Data for review section start

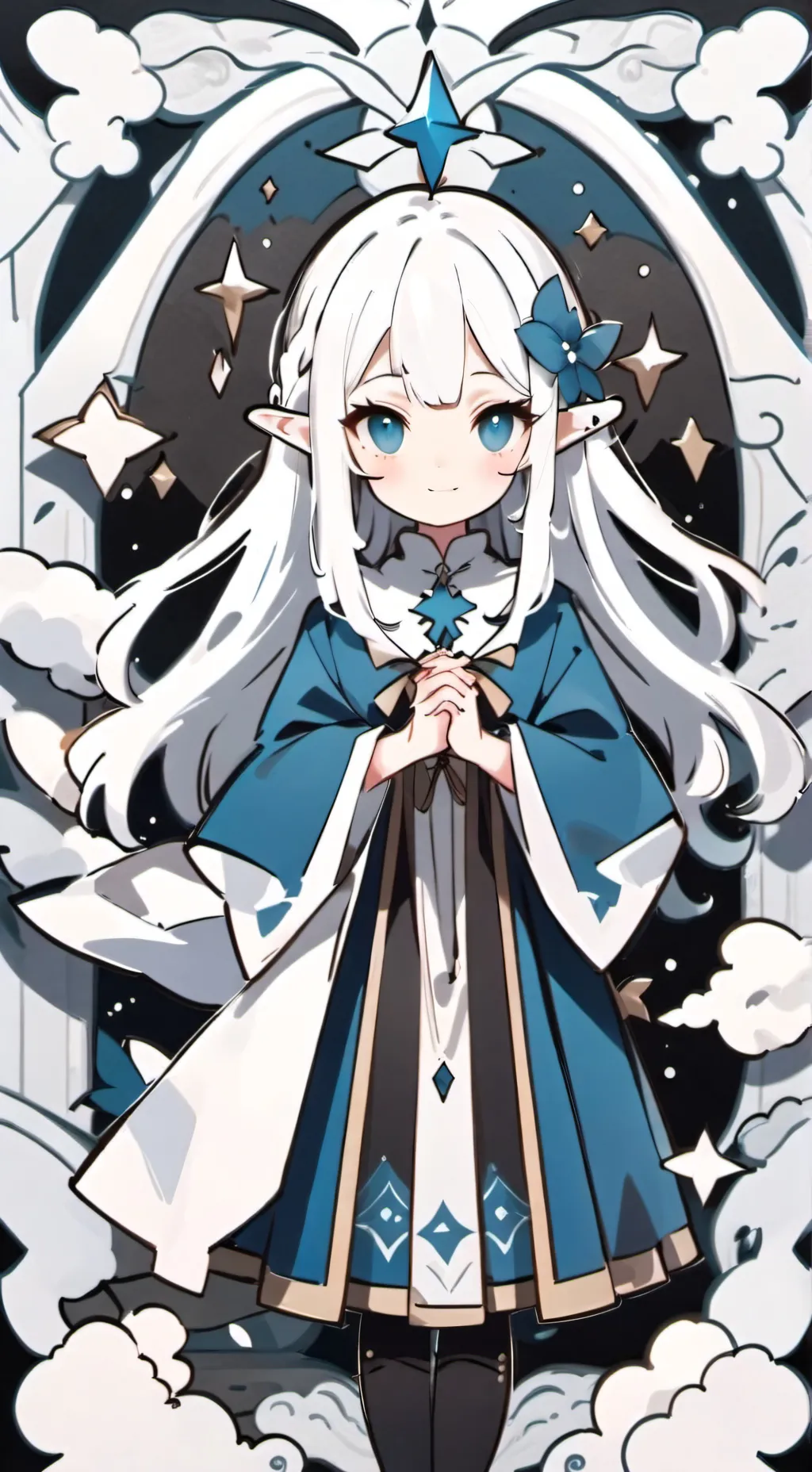 ai character: Sofi background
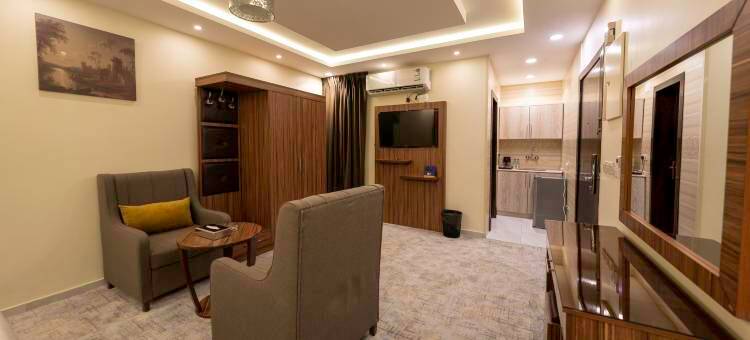 阿尔卡斯尔酒店套房 - 阿尔明斯克(Al Qasr Hotel Suites - Al Minsk)图片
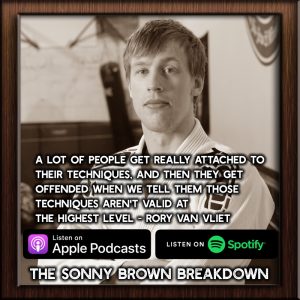 Rory van Vliet on The Sonny Brown Breakdown podcast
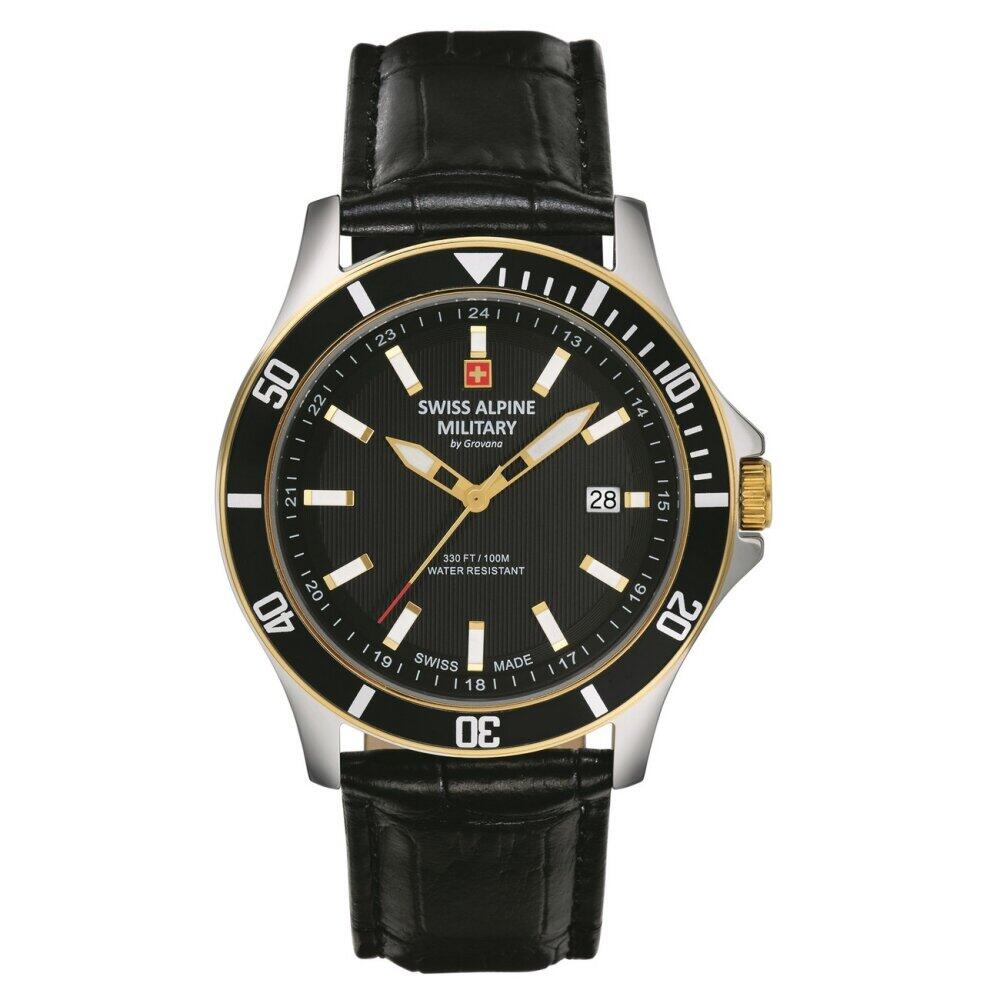 Swiss Alpine Military - 7022.1547 - wristwatch - men's - quartz - Challenger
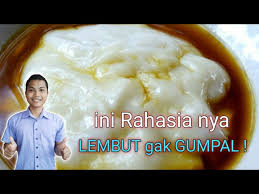 Disajikan bersama saus kinca atau saus gula merah. Bubur Sumsum Begini Cara Buatnya Agar Lembut Gak Gumpal Youtube
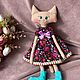 Котята. Мягкие игрушки. Света Каменская (mylanadolls). Ярмарка Мастеров.  Фото №6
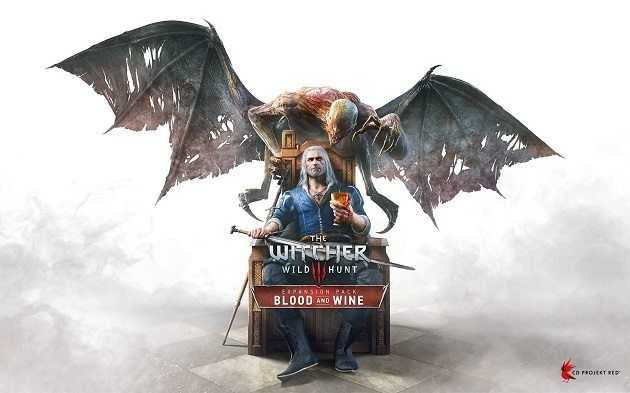 blood and wine the witcher 3
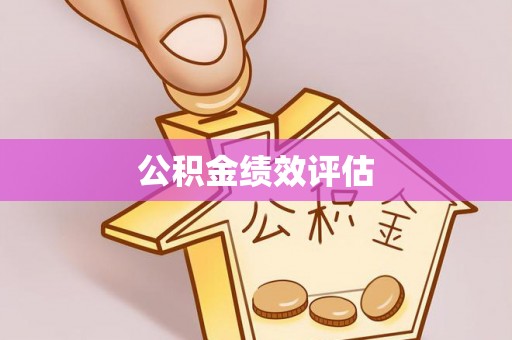 松潘公积金绩效评估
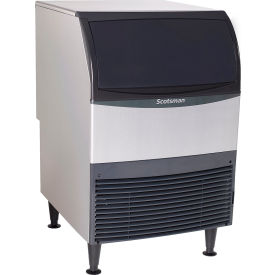 Scotsman® Undercounter Ice Maker w/ Bin Water Cooled 440 lb. Production/24 Hrs. UF424WX-1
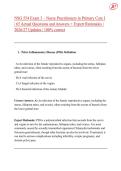 NSG 554 Exam 3 &ndash; Nurse Practitioners in Primary Care I  &vert; 65 Actual Questions and Answers &plus; Expert Rationales &vert;  2026&sol;27 Updates &vert; 100&percnt; correct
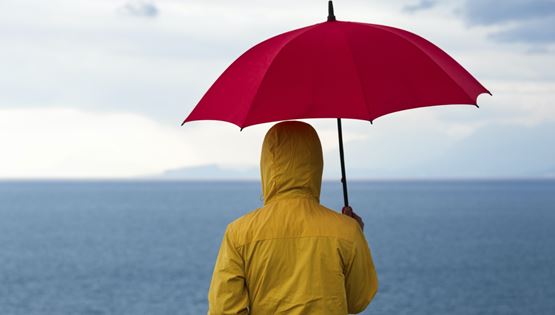 Κομψός και στεγνός με αδιάβροχο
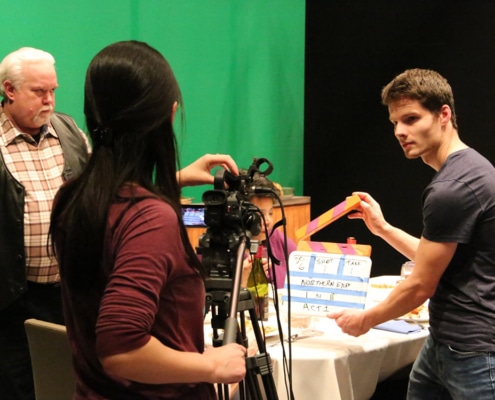 Acting on camera 2
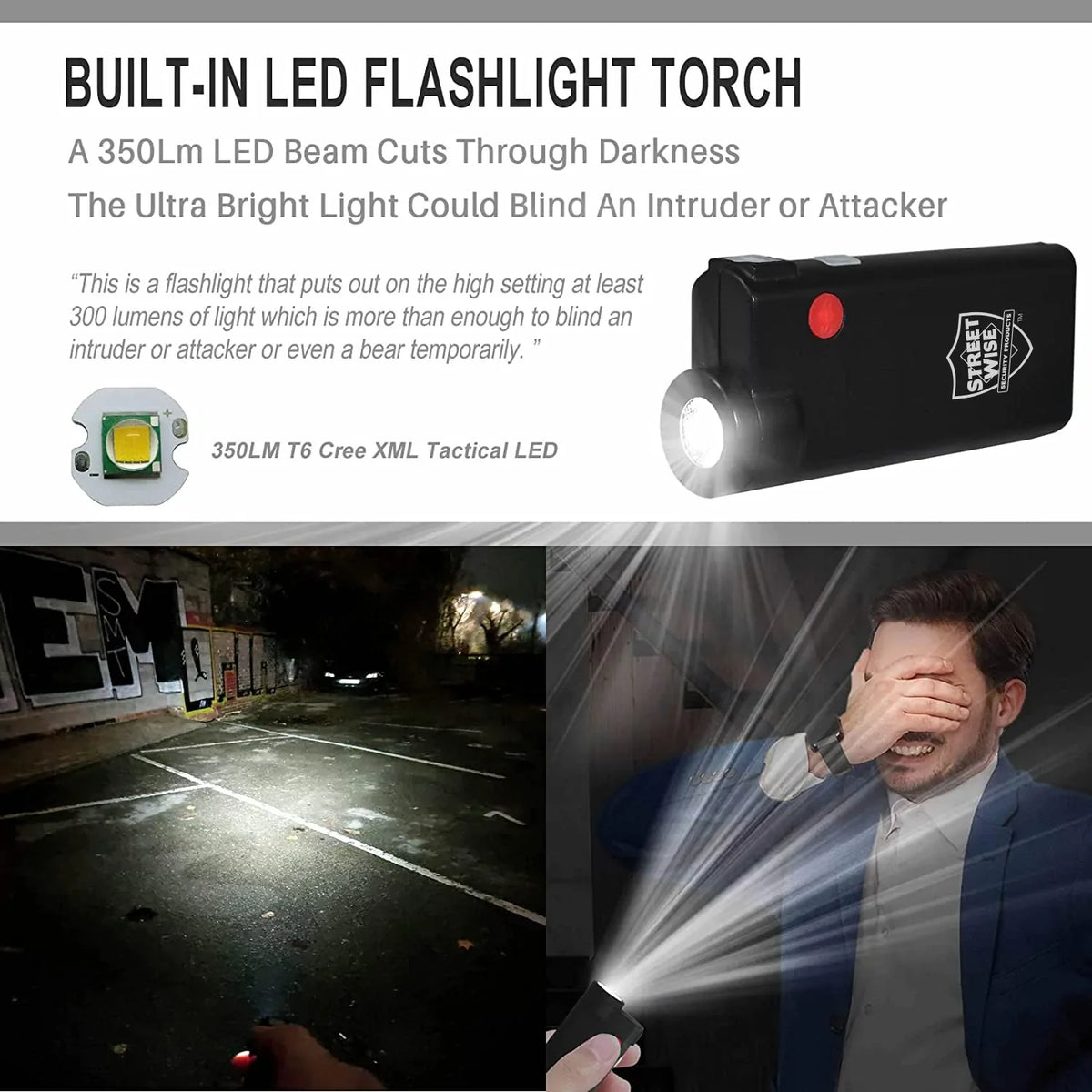 Knight Light Alarm & Flashlight - Tophatter Daily Deals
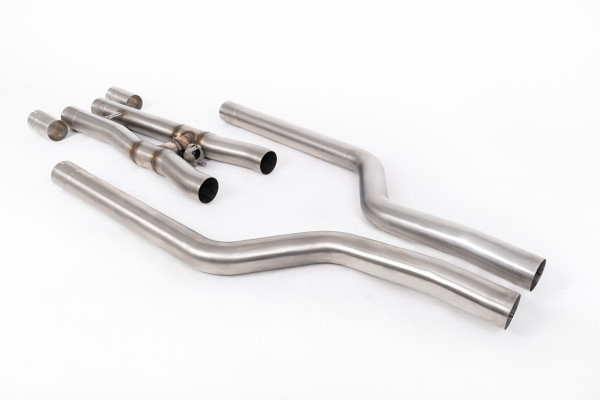 Milltek SSXBM1179 GPF/OPF Bypass passend für: BMW 5 Series M5 & M5 Competition 4.4l Twin Turbo F90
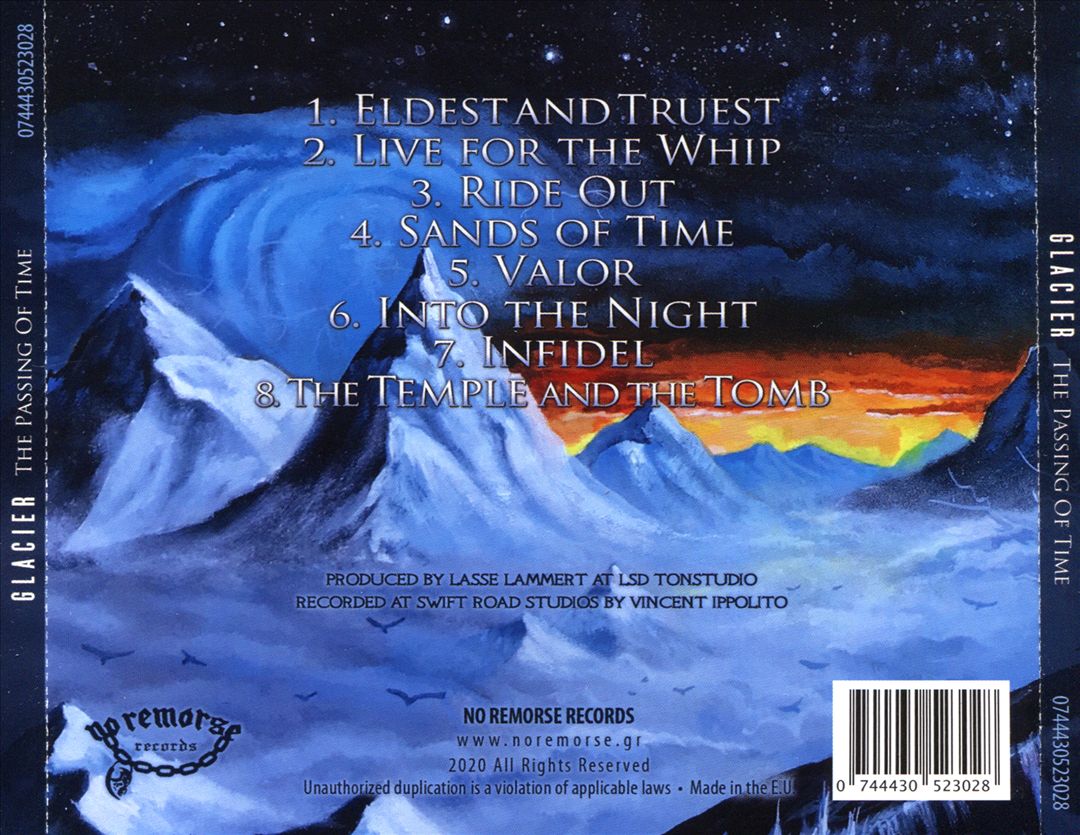 Passing of Time cover art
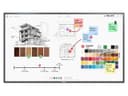 NEC MultiSync M551 Interactive flat panel 139.7 cm (55") LCD 500 cd/m² 4K Ultra HD Black Touchscreen 24/7 thumbnail 1
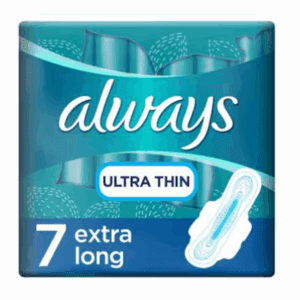 Always Ultra Thin Extra Long Wings 7`S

Data for review section end

Reproduce, unchanged, each line between the one with "Κομψός και στεγνός με αδιάβροχο" and the last line of the material, both included; the pictures do not go in.

* _Written answer_:
 Κομψός και στεγνός με αδιάβροχο
 Acting on camera 2
 Knight Light Alarm & Flashlight - Tophatter Daily Deals
 Milltek SSXBM1179 GPF/OPF Bypass passend für: BMW 5 Series M5 & M5 Competition 4.4l Twin Turbo F90
 Passing of Time cover art
 NEC MultiSync M551 Interactive flat panel 139.7 cm (55") LCD 500 cd/m² 4K Ultra HD Black Touchscreen 24/7 thumbnail 1
 Always Ultra Thin Extra Long Wings 7`S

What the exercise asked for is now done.